Sunday, April 13, 2003

Where are Saddam's billions?

by pv vivekanand

International investigators and intelligence agents have yet to come up with the so-called Saddam billions -- bank accounts and assets of Saddam Hussein outside Iraq -- and they could now conveniently argue that the funds would n ever be found.
It was claimed by the US government that Saddam and his sons systematically stashed away a part of the country's income from oil exports; however, from 1990, when the US ordered a freeze on all Iraqi assets and bank accounts of Iraqi leaders, no one has been able to come up with substantiated evidence of such funds.
Some reports have said that Saddam, his sons and some of the close Saddam associates in Baghdad had received kickbacks on oil sales and arms purchases since the 70s and maintained accounts in secretive Switzerland, Germany and other European countries.
It was known among Jordanian businessmen and commodity brokers that Saddam's eldest son Uday, who maintained an office in Amman, Jordan, used to demand up to five per cent of all imports into the country chanelled through the various state organisations. For those who wanted Uday's help in finalising deals and clearing up banking snitches since 1991 had to deal with the manager of the Amman office.
The channel was suddenly closed down in 1996 when the manager, who had served as a senior official of Iraq's Rafidian Bank, "disappeared" with an unspecified amount he had collected as Uday's "commission" for nearly one year.
There had been many estimates of the "Saddam fortunes" -- from $30 billion to $6 billion -- but it has baffled observers that none of these claims was ever proved out, leading some to believe that the toppled Iraqi president never maintained an account outside his country.

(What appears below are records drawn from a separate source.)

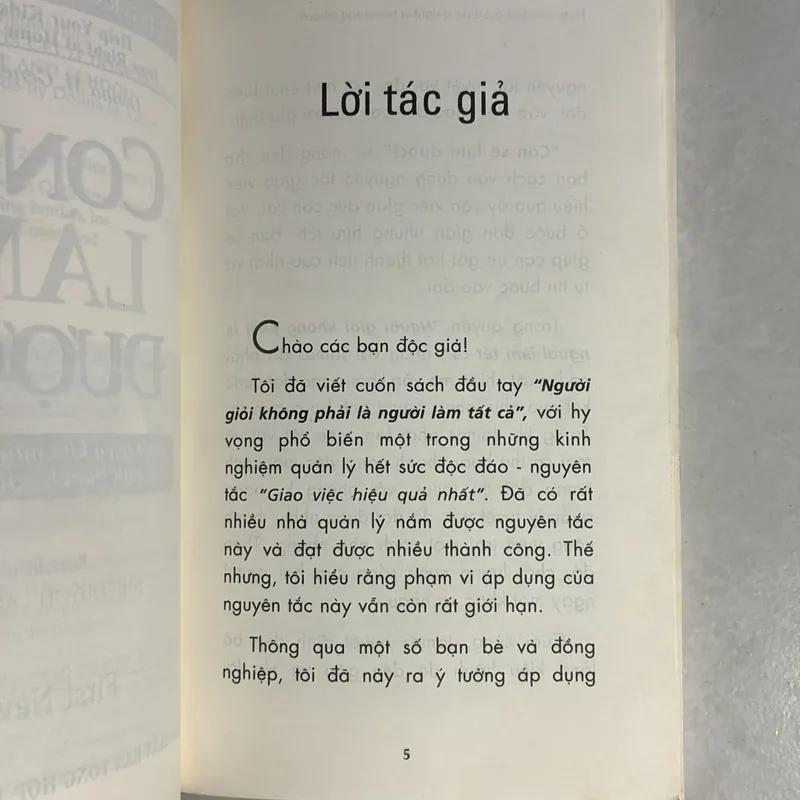 Con sẽ làm được 734533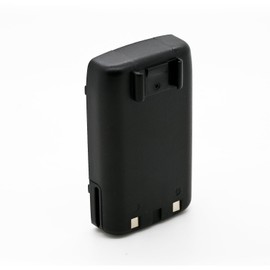 ExpertPower® 9.6V 1000mAh NiMH Two-Way Radio Battery for Alinco EBP-46 EBP-46N DJ-V5 DJ-V5TH | High-Capacity Rechargeable Battery Pack | OEM-Compatible | MSDS Certified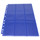 50 Docsmagic.de 18-Pocket Pages Dark Blue - Sideloading - 11 Holes - MTG PKM YGO - Ordnerseiten Dunkelblau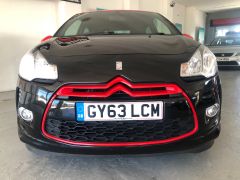CITROEN DS3 1.6 E-HDI DSTYLE RED - 1539 - 10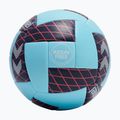 Míč na házenou Hummel Evolution Energizer AR HB light blue/marine/red size 2 2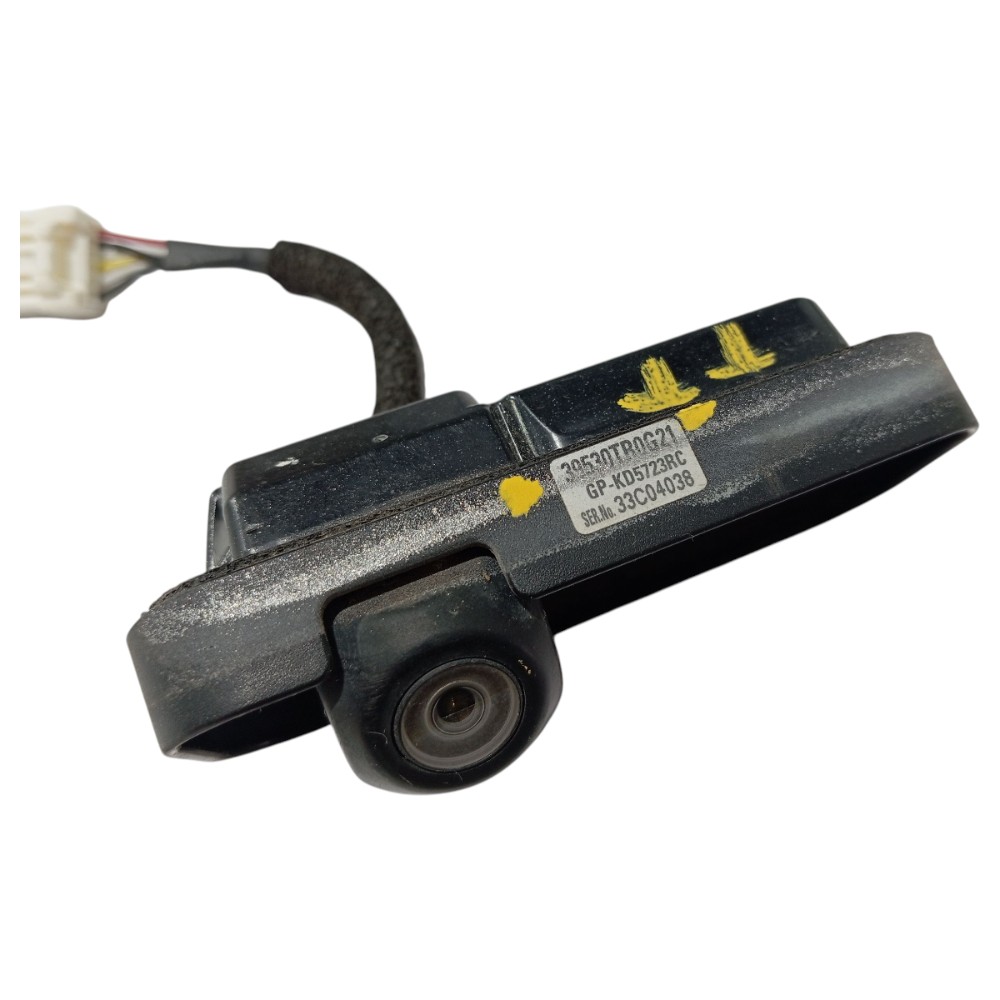 Camera Ré Honda Civic 2010 A 2015 V658 7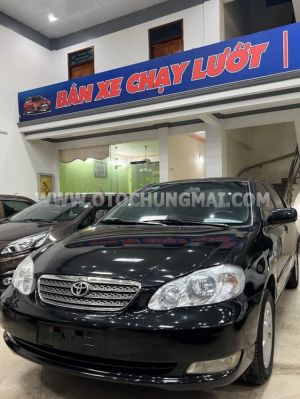 Xe Toyota Corolla altis 1.8G MT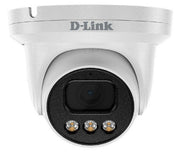 D-Link DCS-F4808E security camera Turret IP security camera Outdoor 3840 x 2160 pixels Ceiling/Wall/Pole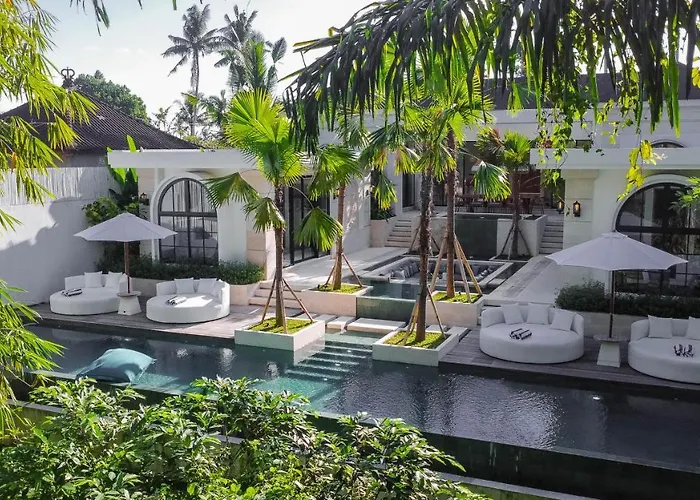 Villa Romana Ubud 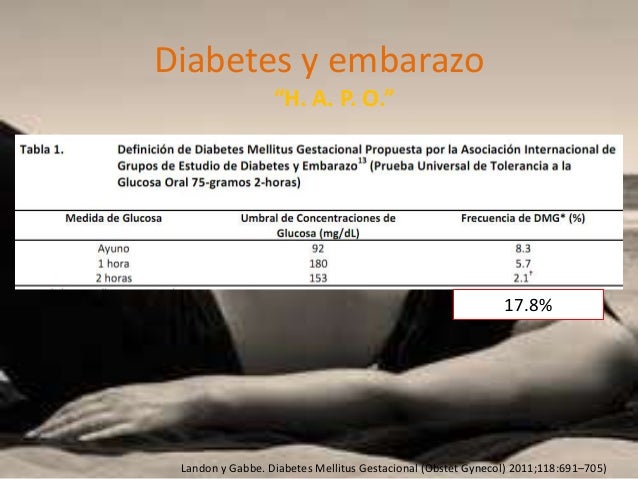 Diabetes y embarazo leonel Diabetes y embarazo leonel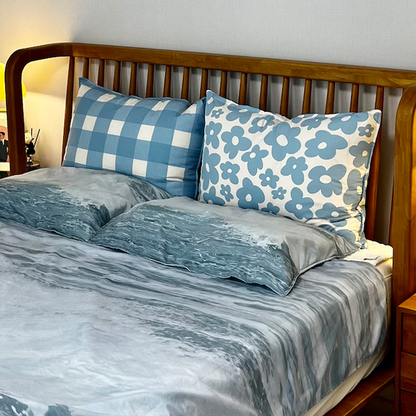 Soft Mood Allergy Care Dust Free Pillowcase - image 5 of 10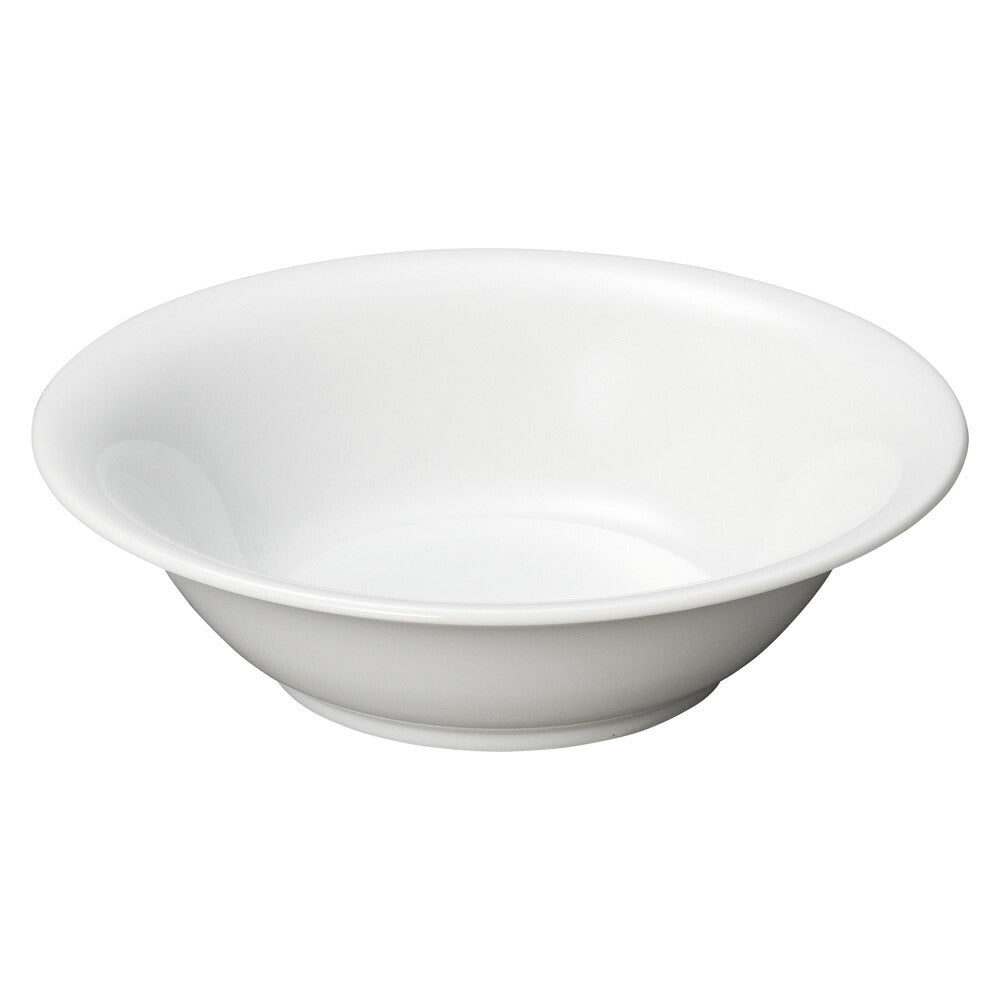 リズホワイト 5 1/2吋オートミル [ 16.3 x 4.5cm 249g ]| 中皿 サラダ パスタ 取り皿 プレート 人気 おすすめ 食器 洋食器 業務用 飲食店 カフェ うつわ 器 おしゃれ かわいい ギフト プレゼント 引き出物 誕生日 贈り物 贈答品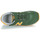 Boty Děti Nízké tenisky New Balance 373 Khaki / Žlutá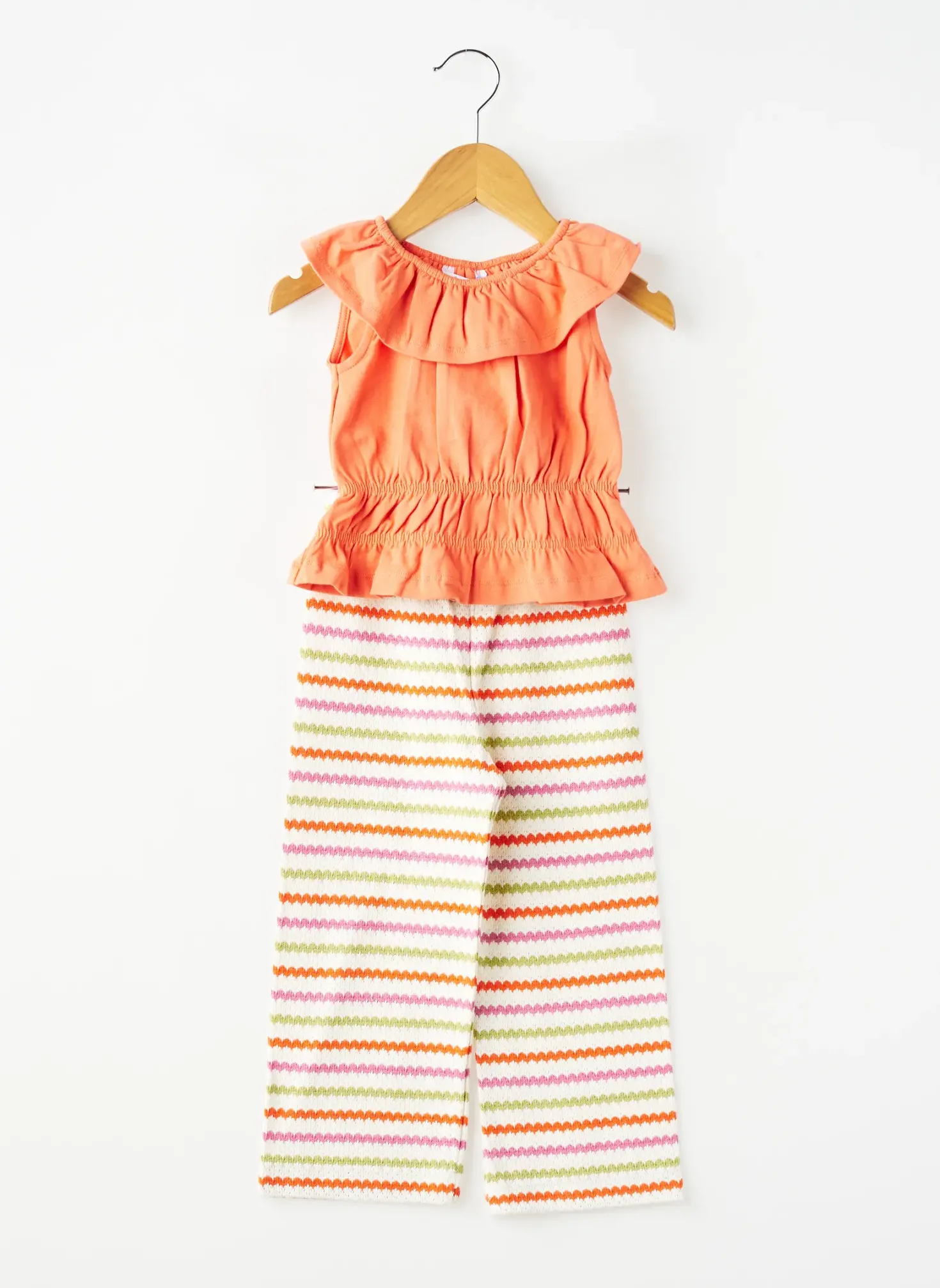 Ensemble Pantalon Mayoral Orange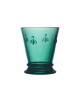 4 verres à eau Abeille La Rochère set de 4 coloris assortis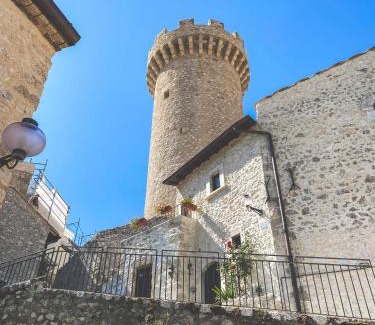 Santo Stefano di Sessanio Appartement | Festina Lente - Guest House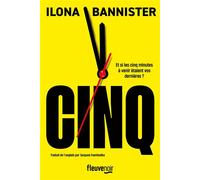 Cinq - Ilona Bannister - Fleuve éditions - ebook (ePub) - Roman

Some reports argued that Saddam, his sons and associates had hidden the funds in a secret network of offshore bank accounts, front companies and other investments in Europe and elsewhere.
But it is strange that the best efforts of the US government and private investigators never succeeded in unearthing the "billions."
In 1991, unidentified US officials said investigators had identified "dozens" of accounts held in "proxy" names by Saddam and others, but details of such accounts were never released. About $5 billion worth of Iraqi assets were indeed ever frozen, including holdings in America, Britain, Switzerland, France, Luxembourg and Austria.
These included classic cars -- Uday was known for his fascination for expensive cars, particularly sports vehicles -- and an 8.4 per cent stake in Hachette, the French company that publishes Elle. But nothing further was heard of these seized assets after the UN asked for an accounting with a view of taking them over under a Security Council resolution.
If one were to go by Saddam's public statements about Arab economies and petro-dollars, it is difficult to believe that he would maintain foreign bank accounts or investments in the West.
Saddam's two sons-in-law who had defected to Jordan in 1995 and went back after six months and promptly got killed were reported to have brought with them and transferred from abroad some $30 million which was deposited in Jordanian banks. A behind-the-scene dispute developed over that amount after they were killed and their wives filed claims, but the bank concerned said later that it settled the dispute "amicably." That money was supposed to have represented part of wha the sons-in-law had siphoned off from funds allocated for the country's military programmes. One of the sons-in-law was head of the Iraqi Military Industrialisation Commission.
Following the 1991 war, the government of Kuwait hired the New York-based detective agency, Kroll, to trace assets held by the Iraqi government, Saddam Hussein, his family members and other Iraqi leaders. Kroll had come up with the $5 billion figure, but it was never made clear whether these were held in Saddam's name or represented the worth of the country's holdings abroad.
Some accounts say that Saddam's half-brother, Barzan Al Tikriti who served as Iraq's ambassador to the UN's European headquarters in Geneva, used to manage Saddam's money. At the same time, sceptics say, Barzan, who was reportedly killed in an American attack on his residence in Ramadi in Iraq last week, was handling Iraq's arms purchases from Europe during the 1980-88 Iran-Iraq war and that no significant deals were made after the 1991 war.
According to a report compiled in 2001 by Kroll, a Swiis-based Iraqi who had a European passport, Hassam Rassam, was the pointman in channelling funds for Saddam's family. Again, it remains unclear whether he was questioned at any point. Asked by the media in 1992 whether he was Saddam's banker, Rassam replied "I only hope it was so..."
The massive looting of presidential palaces and other buildings in Baghdad following the apparent fall of the Saddam regime has given rise to assumptions that the "hidden" Saddam billions would never be traced, if only beause the looters threw away "sensitive" papers that might have offered clues to the investigators.
The post-war regime might launch a fresh hunt, and Kroll might be given the job. However, it is highly unlikely that anyone would be able to unearth the "pot of gold" -- if indeed there was one.